TASK INPUTS -
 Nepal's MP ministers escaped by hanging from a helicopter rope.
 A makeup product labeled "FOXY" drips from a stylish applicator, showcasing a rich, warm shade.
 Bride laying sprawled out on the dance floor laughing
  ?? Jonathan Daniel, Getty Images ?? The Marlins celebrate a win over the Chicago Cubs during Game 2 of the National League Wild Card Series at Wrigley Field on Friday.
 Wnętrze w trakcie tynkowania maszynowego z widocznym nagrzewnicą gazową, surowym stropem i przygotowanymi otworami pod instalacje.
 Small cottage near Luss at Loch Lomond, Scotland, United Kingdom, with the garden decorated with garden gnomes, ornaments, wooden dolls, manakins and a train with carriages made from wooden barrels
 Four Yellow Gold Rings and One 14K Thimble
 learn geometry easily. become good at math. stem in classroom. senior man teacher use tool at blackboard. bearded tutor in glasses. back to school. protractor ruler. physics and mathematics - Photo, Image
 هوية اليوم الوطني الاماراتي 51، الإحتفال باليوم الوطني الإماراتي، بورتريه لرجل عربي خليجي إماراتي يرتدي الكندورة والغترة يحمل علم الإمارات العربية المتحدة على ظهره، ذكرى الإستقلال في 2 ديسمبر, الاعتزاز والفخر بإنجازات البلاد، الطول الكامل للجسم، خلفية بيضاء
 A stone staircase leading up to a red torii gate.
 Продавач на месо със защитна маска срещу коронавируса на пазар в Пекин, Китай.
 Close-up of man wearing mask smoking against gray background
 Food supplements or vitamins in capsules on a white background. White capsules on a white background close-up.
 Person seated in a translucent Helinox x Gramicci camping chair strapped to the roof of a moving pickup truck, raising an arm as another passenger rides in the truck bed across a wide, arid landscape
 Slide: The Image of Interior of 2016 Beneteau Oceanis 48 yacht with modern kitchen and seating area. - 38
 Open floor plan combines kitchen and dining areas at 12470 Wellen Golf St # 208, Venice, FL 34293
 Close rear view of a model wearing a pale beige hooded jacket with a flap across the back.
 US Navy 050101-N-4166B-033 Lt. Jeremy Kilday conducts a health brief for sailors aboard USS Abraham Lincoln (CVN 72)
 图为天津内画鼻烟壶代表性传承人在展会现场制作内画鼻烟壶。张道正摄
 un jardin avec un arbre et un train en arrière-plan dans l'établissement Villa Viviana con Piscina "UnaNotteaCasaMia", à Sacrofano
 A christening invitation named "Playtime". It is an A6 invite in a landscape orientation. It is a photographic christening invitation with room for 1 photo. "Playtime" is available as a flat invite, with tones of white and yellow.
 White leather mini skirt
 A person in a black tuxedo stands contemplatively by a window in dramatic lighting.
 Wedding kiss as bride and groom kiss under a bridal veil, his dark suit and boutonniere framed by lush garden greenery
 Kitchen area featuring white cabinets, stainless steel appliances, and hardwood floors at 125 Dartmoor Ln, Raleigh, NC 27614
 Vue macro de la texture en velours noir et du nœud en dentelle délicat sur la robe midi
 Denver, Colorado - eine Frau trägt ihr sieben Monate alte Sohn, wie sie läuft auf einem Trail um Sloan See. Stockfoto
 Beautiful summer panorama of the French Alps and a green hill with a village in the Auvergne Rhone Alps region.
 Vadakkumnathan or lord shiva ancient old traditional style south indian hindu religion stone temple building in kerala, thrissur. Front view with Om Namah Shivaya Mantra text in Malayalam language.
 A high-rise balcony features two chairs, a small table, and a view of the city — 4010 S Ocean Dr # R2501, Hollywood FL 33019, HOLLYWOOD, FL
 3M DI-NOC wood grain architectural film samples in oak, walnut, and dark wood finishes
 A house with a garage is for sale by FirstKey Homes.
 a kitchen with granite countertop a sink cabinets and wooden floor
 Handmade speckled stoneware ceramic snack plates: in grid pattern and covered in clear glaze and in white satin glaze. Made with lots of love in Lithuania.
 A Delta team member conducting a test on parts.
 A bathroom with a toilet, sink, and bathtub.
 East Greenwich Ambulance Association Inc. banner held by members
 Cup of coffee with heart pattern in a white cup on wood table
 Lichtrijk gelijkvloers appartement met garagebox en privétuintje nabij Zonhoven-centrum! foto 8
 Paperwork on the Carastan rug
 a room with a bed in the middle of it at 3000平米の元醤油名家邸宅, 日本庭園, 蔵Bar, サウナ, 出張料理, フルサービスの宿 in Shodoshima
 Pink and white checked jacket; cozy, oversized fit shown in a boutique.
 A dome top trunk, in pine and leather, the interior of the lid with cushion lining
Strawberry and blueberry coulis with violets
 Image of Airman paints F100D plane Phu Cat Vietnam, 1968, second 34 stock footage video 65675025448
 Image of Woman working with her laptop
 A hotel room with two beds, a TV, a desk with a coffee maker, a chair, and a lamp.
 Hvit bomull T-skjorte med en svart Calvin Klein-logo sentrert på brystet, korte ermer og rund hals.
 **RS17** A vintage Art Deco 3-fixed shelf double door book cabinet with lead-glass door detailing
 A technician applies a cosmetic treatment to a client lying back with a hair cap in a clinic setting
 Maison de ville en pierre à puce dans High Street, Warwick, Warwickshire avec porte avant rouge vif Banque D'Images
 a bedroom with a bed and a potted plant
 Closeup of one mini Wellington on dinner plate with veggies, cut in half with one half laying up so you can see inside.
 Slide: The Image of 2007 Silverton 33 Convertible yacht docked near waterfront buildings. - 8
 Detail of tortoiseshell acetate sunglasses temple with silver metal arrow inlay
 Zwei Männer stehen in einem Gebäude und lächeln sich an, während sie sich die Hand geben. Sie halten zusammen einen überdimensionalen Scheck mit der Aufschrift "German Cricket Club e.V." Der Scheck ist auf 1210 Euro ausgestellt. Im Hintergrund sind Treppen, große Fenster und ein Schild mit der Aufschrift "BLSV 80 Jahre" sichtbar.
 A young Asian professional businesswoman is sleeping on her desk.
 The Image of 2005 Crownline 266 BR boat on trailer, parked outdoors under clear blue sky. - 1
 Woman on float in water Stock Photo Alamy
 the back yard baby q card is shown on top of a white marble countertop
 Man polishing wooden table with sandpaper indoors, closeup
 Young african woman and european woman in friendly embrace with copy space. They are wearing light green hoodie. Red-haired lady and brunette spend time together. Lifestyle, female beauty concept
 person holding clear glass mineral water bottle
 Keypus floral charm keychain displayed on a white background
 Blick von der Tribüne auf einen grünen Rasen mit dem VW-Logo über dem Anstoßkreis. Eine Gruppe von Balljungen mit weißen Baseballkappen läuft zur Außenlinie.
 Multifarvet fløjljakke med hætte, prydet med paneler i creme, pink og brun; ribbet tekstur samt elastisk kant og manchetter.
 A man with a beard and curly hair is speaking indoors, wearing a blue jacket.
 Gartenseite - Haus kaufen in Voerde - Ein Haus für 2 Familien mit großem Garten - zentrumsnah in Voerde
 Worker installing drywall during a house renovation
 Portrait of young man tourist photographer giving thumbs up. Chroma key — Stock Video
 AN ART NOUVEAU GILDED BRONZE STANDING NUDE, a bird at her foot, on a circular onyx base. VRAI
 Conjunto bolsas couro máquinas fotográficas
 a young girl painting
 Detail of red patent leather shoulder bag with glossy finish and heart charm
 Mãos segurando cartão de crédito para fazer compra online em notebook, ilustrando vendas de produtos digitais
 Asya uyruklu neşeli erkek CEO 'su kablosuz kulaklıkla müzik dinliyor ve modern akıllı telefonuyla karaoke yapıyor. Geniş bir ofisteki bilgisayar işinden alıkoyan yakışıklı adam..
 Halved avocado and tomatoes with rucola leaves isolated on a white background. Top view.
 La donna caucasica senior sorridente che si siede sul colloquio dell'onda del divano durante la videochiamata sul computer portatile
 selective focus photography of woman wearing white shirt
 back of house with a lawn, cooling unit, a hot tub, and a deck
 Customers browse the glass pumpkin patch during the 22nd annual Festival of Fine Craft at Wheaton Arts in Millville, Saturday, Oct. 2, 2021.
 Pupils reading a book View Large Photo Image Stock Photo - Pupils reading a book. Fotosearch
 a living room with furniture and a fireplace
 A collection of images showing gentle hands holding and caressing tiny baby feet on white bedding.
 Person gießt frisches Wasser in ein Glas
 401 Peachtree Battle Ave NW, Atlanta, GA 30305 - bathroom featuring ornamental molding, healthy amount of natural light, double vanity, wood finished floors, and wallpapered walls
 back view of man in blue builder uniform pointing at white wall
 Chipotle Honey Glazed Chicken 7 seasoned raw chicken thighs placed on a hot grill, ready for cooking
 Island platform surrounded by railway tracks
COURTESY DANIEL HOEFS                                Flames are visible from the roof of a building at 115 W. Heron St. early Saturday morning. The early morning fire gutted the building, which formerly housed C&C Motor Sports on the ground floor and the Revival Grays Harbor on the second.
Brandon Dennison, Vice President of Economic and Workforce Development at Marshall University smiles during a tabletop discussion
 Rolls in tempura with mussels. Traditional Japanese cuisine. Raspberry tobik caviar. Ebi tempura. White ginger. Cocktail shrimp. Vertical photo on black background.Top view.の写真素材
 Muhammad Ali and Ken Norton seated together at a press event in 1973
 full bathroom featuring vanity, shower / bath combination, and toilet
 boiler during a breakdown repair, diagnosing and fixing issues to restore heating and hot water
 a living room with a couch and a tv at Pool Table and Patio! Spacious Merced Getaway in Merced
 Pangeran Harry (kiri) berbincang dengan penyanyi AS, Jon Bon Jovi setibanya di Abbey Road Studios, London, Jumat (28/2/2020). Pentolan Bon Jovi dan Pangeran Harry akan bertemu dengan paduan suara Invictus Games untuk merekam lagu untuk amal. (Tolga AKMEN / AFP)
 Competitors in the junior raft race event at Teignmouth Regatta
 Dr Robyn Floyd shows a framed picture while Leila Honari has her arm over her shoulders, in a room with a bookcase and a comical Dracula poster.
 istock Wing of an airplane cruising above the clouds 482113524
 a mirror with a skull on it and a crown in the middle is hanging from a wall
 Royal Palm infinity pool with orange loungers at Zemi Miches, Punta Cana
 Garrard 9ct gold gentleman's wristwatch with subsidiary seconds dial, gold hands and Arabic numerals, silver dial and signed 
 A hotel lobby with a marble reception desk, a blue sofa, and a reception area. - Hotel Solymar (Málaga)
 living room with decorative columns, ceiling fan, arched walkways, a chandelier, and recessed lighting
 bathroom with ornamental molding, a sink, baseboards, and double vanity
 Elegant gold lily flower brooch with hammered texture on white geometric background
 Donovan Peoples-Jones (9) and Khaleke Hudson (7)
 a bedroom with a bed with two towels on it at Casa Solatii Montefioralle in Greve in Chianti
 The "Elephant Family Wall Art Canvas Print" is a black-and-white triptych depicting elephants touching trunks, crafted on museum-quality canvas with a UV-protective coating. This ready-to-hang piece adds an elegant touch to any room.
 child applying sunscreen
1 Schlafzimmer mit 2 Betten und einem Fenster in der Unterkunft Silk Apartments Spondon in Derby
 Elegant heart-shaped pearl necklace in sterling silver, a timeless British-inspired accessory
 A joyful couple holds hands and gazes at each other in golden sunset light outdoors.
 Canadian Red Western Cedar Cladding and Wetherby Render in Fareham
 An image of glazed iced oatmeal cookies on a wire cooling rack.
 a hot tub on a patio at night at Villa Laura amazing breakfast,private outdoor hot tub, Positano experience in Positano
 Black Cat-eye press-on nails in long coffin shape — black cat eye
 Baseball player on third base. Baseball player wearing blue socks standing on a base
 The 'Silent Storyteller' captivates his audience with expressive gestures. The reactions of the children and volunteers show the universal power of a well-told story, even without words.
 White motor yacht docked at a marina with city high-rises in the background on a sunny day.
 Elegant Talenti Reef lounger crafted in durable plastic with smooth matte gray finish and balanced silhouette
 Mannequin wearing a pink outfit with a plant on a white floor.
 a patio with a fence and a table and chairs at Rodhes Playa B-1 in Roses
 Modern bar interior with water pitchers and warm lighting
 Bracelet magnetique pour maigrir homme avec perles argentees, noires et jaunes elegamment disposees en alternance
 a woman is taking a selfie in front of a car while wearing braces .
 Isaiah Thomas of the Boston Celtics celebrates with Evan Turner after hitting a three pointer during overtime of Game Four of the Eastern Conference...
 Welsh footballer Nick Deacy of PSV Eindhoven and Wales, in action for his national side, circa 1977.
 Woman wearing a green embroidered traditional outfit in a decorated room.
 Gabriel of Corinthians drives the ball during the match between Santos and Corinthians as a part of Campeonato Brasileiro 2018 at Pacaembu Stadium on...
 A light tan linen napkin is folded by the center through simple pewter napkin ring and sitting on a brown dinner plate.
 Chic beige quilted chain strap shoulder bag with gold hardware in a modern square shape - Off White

YOUR OBJECTIVE - Go through the listing above and pull out each line containing the word "Slide".

YOUR SOLUTION -
 Slide: The Image of Interior of 2016 Beneteau Oceanis 48 yacht with modern kitchen and seating area. - 38
 Slide: The Image of 2007 Silverton 33 Convertible yacht docked near waterfront buildings. - 8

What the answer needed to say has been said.